Se l’amore, che è tema molto presente nell’opera, si configura come incertezza e disincanto, difficoltà nel conoscersi a fondo, ma che pure salva tenerezza, immaginazione e sogno, è la memoria a sollecitare ritorni all’infanzia e agli affetti del passato e ad incontri letterari, filosofici o artistici, che divengono controcanto del vissuto e di una realtà che inquieta. Tra i molti richiami alle relazioni intellettuali di Renato Minore, spesso indicate da epigrafi, entra, con Ennio Flaiano, scrittore della sua stessa terra abruzzese, il suo Leopardi: «fragile e solo eccolo in scena» (Volti di Giacomo) attraverso i ritratti che gli furono dedicati e che generano versi partecipi dell’infelicità del corpo, ma anche della felicità della «vita segreta, dolcissima» del grande poeta (Paolina a Pisa).
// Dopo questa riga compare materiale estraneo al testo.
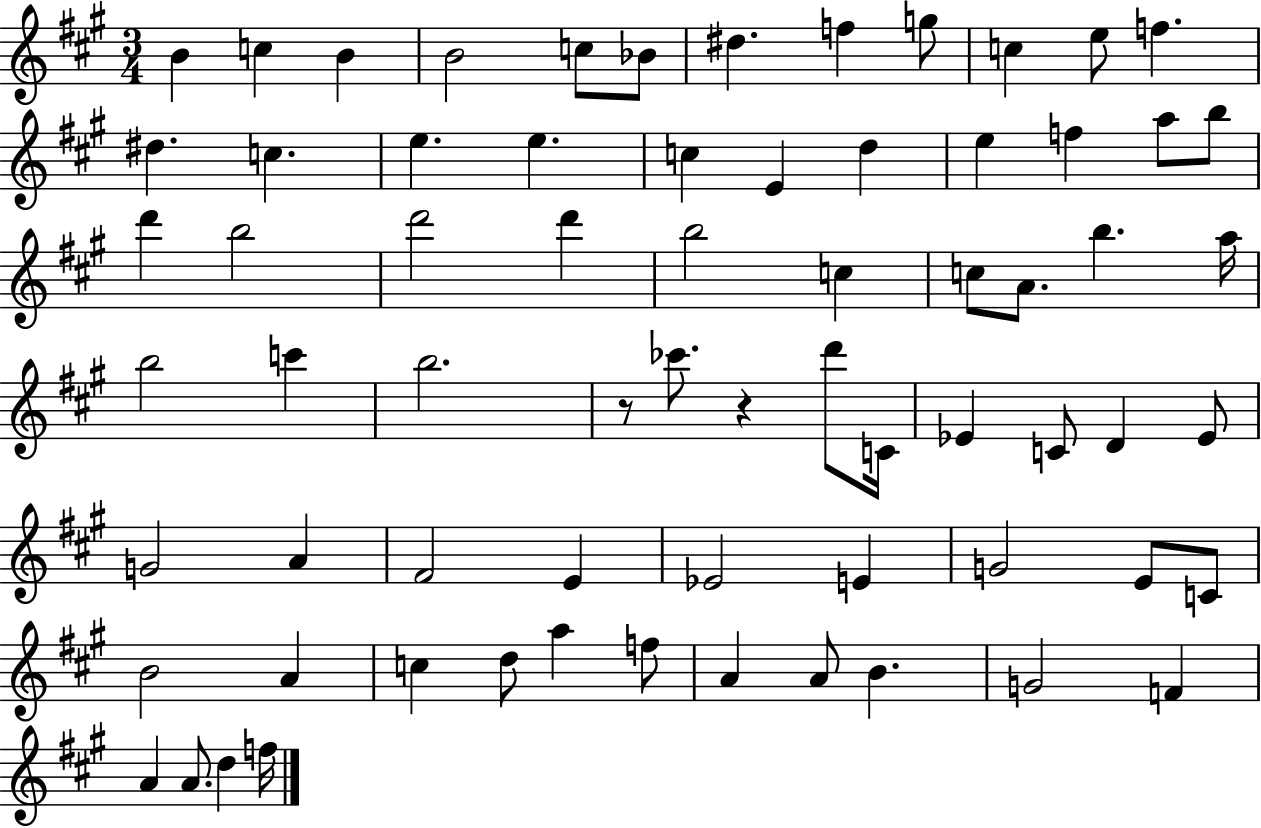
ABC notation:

Una vita segreta, ma non più dolce, quella che la poesia di Minore comunica, tra nostalgia di «un tempo beato/ che le parole formavano il mondo» e le «pesanti gabbie» (IX) che irretiscono e separano. Eppure proprio nell’ultima sezione dell’antologia, che raccoglie le poesie, finora inedite, ispirate dal tempo drammatico della pandemia, non vien meno, quando il vivere è dolore, caos o vuoto, la fiducia nella parola. «Le parole ne sanno più di noi», sottolinea il poeta in incipit e in explicit della lirica V di Leggendo Dante nei giorni del Coronavirus, esprimendo la necessità dello scrivere, che può anche deludere, per conoscere e dire la realtà sociale nuova, varia e diversa («E poi viene la voglia / di raccontare e capire quel che vedi», XVI), di cui sentirsi parte: «E così dovrò essere sempre / più responsabile nei confronti /della storia che scrivo / e della natura di cui / dovrò prendermi cura» (XVIII). L’energia sottesa alla poesia, spazio, con Gambacorta, «vivificante e drammatico» è, per Minore, ricerca di chiarezza, di forma e di bellezza: «Che le parole possano ancora abitare / nel tenue lume di perla e turchese» (Natale di luce e di tenebra) un augurio e una speranza.
L'autore
- Gabriella Palli Baroni laureata in Lettere Classiche a Pavia, allieva di Lanfranco Caretti, perfezionata a Chicago e a San Diego sul pensiero scientifico rinascimentale e su Machiavelli, vive a Roma. Scrittrice e saggista, è studiosa di letteratura dell’800 e del 900 ed è critica di letteratura contemporanea. Collaboratrice di «Strumenti Critici», «L’Illuminista», «Il Ponte» e di altre riviste italiane e straniere, si è dedicata in particolare ad Attilio Bertolucci, del quale ha curato il Meridiano Mondadori Opere, le prose Ho rubato due versi a Baudelaire, gli scritti sul cinema e sull’arte, e a Vittorio Sereni, del quale ha curato i carteggi con Bertolucci (Una lunga amicizia. Lettere 1938-1983, Garzanti 1993) e con Ungaretti Un filo d’acqua per dissetarsi. Lettere 1949-1969, Archinto, 2013). Ha inoltre pubblicato l’antologia Dagli Scapigliati ai Crepuscolari (Istituto Poligrafico dello Stato 2000) e Tavolozza di Emilio Praga (Nuova SI, 2008). È autrice di saggi sulla poesia di Amelia Rosselli e ha collaborato al Meridiano L’opera poetica, uscito nel 2012 e al numero monografico XV, 2-2013 di «Moderna» (Serra, 2015). Nel 2020 ha pubblicato di Attilio e Ninetta Bertolucci, Il nostro desiderio di diventare rondini. Poesie e lettere (Garzanti).